OUR values, HISTory, facilities and school organisation 

Safeguarding  Statement

At Tower Hamlets  primary schools, there is nothing more important to us than the physical and emotional health and well-being of our pupils. As such, we have created and worked relentlessly to maintain a climate in which staff, pupils, parents and governors feel able to voice concerns comfortably; knowing that effective action will be taken. We are fully committed to safeguarding and promoting the welfare of all our pupils. We engender the principle that safeguarding is 'everyone's responsibility'. All staff and volunteers should raise any concerns they have about poor or unsafe practice and potential failures in the school safeguarding regime.

Our School Values

We want Globe to be a community of happy, confident, motivated children who love learning

We want our children to be successful citizens who believe in and value themselves and each other.

We want our children to believe in and stand up for equality in all aspects of life. Therefore, we are continually striving to ensure that we nurture, challenge and enable each and every one to be the very best they can be in all areas of school life. 

 

GLOBE VALUES

 

Our values are based on the UN Convention of the Rights of the Child. We are Rights Respecting.

 

Globe Values are for all children and adults in our school. Adults in our school respect

children’s rights and always act in their best interest. (Articles 2 and 3)

 

We respect that all children have rights and should always be treated fairly. (Article 2)

 

We respect the right to feel safe in body and mind. (Article 19)

 

We respect everyone’s right to be heard and listened to. (Article 12)

 

We respect the right to learn, the right to develop our talents and abilities

and to let others enjoy their learning. (Articles 23 and 29)

 

We respect children’s right to play, rest, join in and choose their own friends. (Articles 15 and 31)

 

We respect the right to be in a safe, clean environment. (Articles 24 and 29)

 

 

 

Our Facilities

Globe Primary School was built in 1874 and has a long established tradition of providing education for the Bethnal Green community.

Our school is a community primary school in the London Borough of Tower Hamlets and serves a varied and diverse community from many cultural backgrounds.
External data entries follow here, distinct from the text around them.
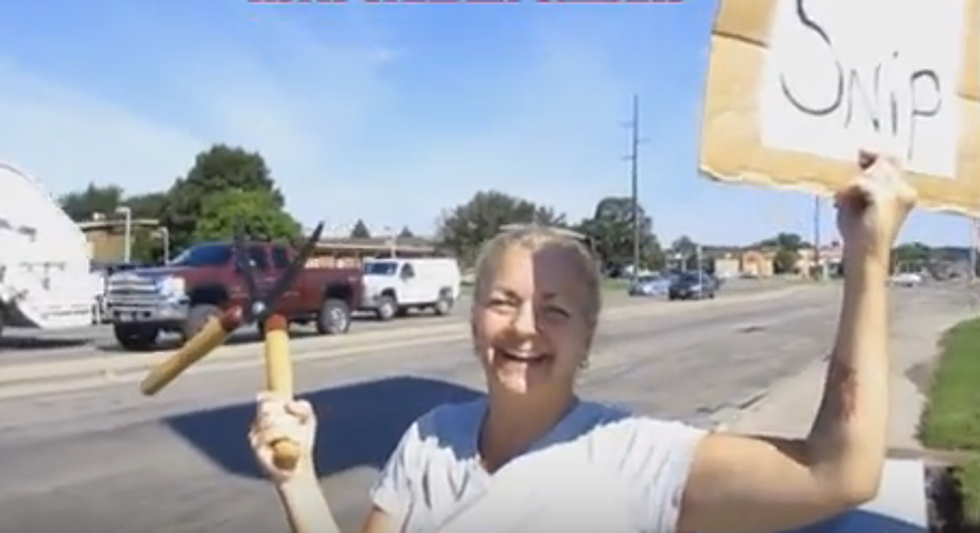 Woman Confronts Circumcision Protesters with Garden Shears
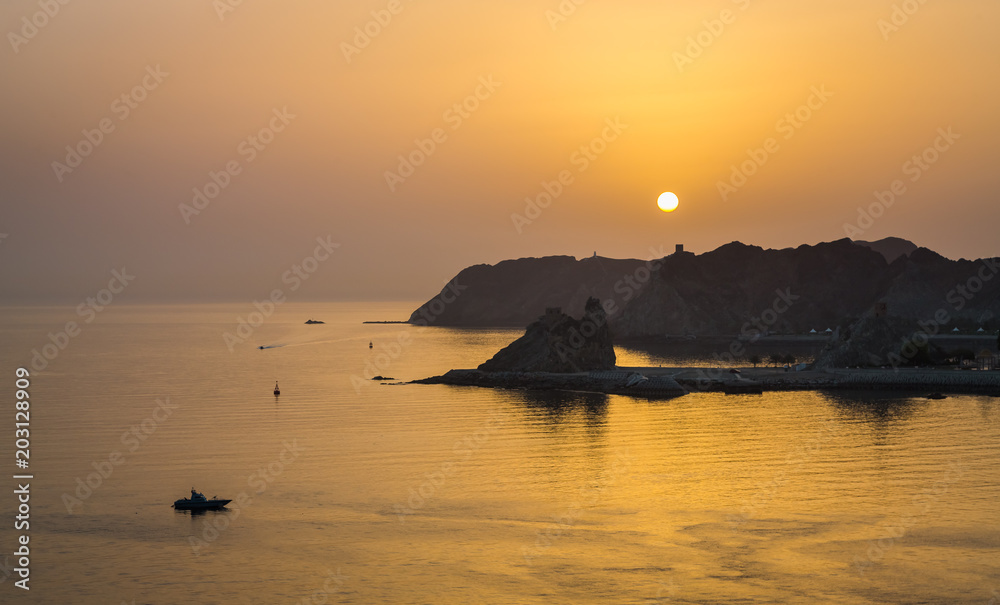 Sunrise in Muscat view from a Ship. Lovely exposure of the city of Muscat at Sunrise, view from a Ship.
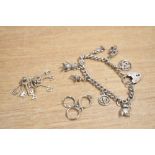 A silver charm bracelet having a padlock clasp and seven charms including football boots and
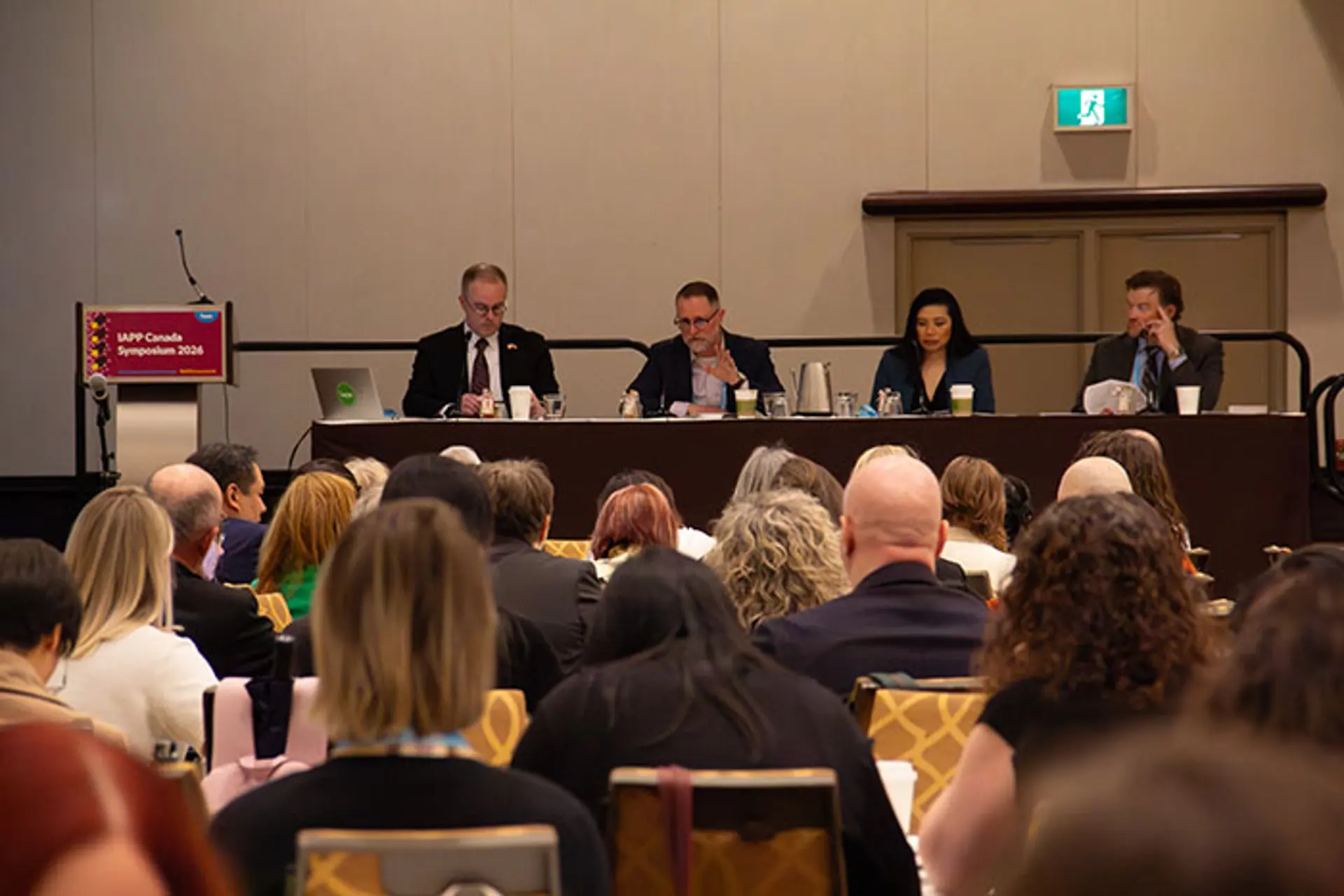 Panel of speakers seated behind a long table in a conference room addressing an audience, with attendees visible from behind and event signage reading “IAPP Canada Symposium 2026” on a podium.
Boys and girls attend our school from the age of three, when they start Nursery, to the age of eleven after which they transfer to a secondary school.

Our school has an additionally resourced provision for children with special educational needs. There are thirty places for children who need additional support in their speech, language and communication development; children who have an Education and Health Care Plan (EHCP) with a diagnosis of Development Language Delay (DLD). These places are allocated by the Local Authority. More details of what we call our ‘Language Provision’ are found here Our Specialist Speech and Language Provision.

School Information Pack - New Admissions

In September 2025, a local nursery school, Rachel Keeling Nursery,  amalgamated with Globe, adding a second site to our school.  A building furbished for and dedicated solely to the education of nursery children, fortunately became part of our school. We became a school with two sites and our school is now organised in the following way.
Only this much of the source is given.